§ EXERCISE DATA
= Beginning of Section =
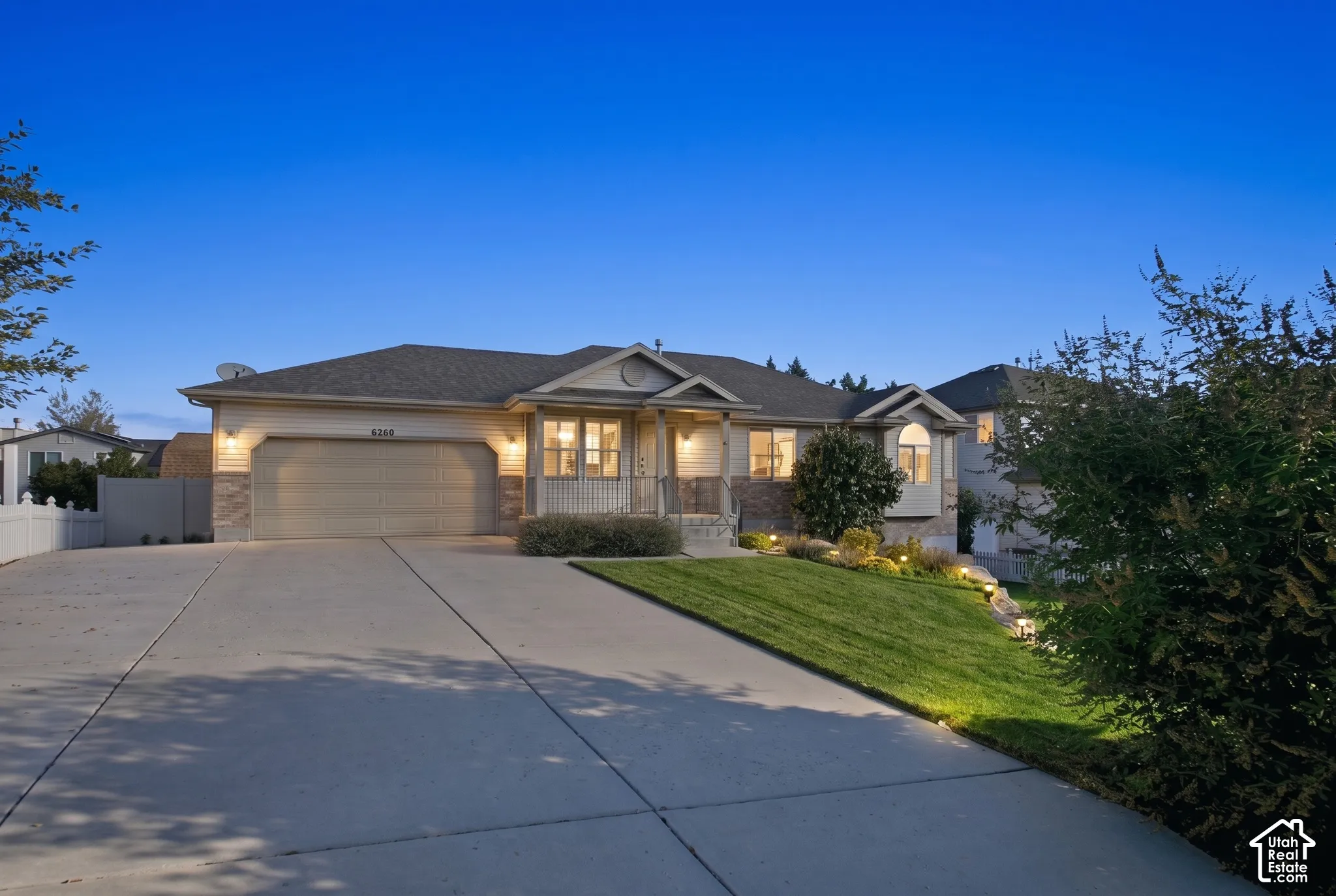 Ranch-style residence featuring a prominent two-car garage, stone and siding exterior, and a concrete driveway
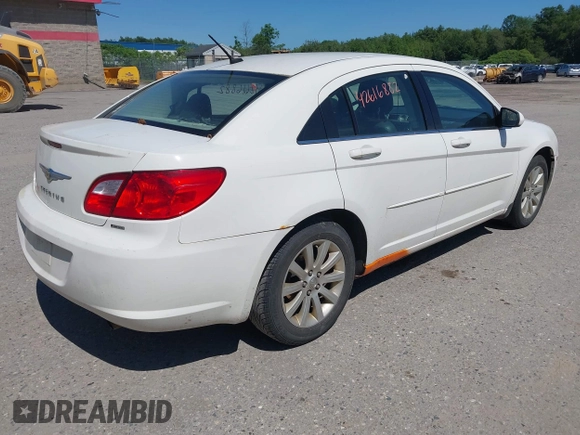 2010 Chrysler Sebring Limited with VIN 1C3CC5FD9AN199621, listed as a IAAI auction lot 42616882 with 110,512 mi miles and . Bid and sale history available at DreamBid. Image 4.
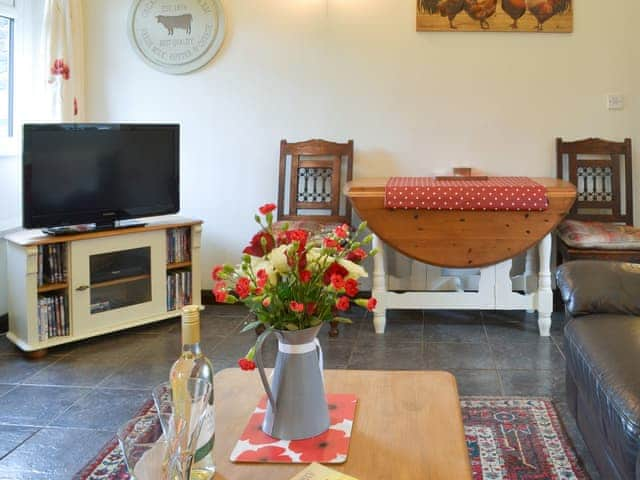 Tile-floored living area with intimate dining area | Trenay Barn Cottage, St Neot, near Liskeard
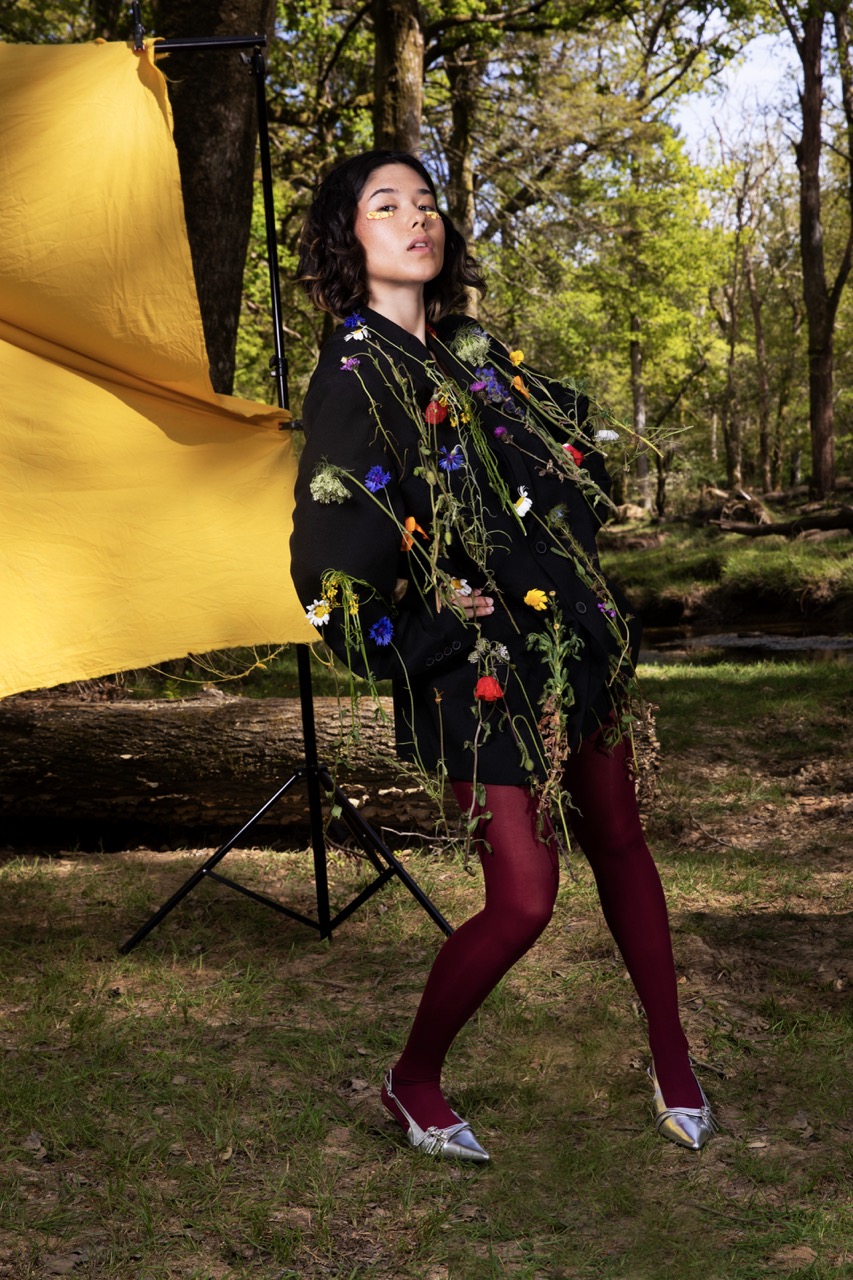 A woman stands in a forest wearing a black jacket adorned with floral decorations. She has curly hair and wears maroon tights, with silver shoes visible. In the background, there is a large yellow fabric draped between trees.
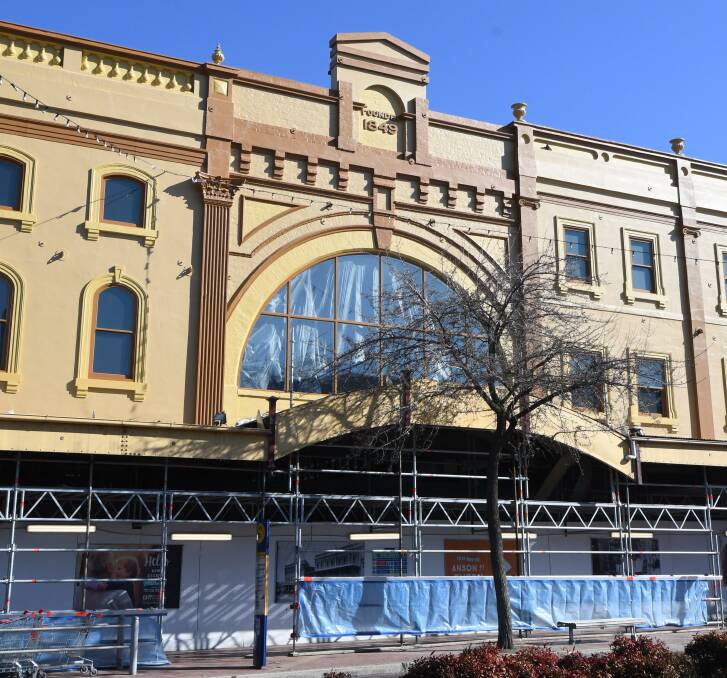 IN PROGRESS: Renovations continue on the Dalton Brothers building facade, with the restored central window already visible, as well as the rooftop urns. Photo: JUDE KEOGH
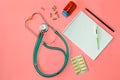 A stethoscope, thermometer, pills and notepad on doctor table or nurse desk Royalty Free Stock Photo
= End of Section =
= Beginning of Section =
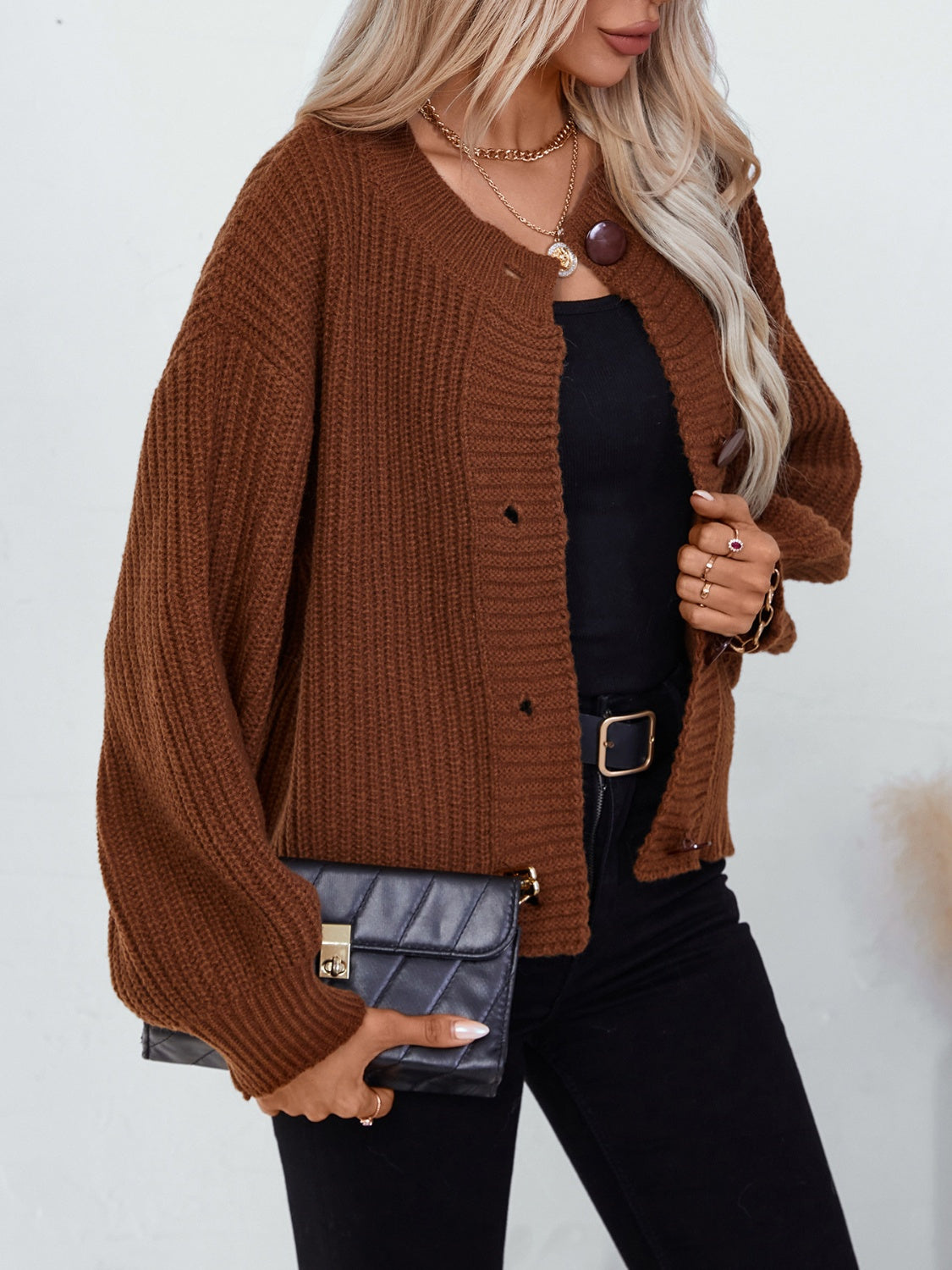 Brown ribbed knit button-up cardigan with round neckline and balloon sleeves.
= End of Section =
§ EXERCISE DETAILS
Reproduce the data above exactly, but only from the line containing "2010 Chrysler Sebring" through the line containing "Tile-floored living area". Omit all pictures.

§ TASK ANSWER
 2010 Chrysler Sebring Limited with VIN 1C3CC5FD9AN199621, listed as a IAAI auction lot 42616882 with 110,512 mi miles and . Bid and sale history available at DreamBid. Image 4.
 Tile-floored living area with intimate dining area | Trenay Barn Cottage, St Neot, near Liskeard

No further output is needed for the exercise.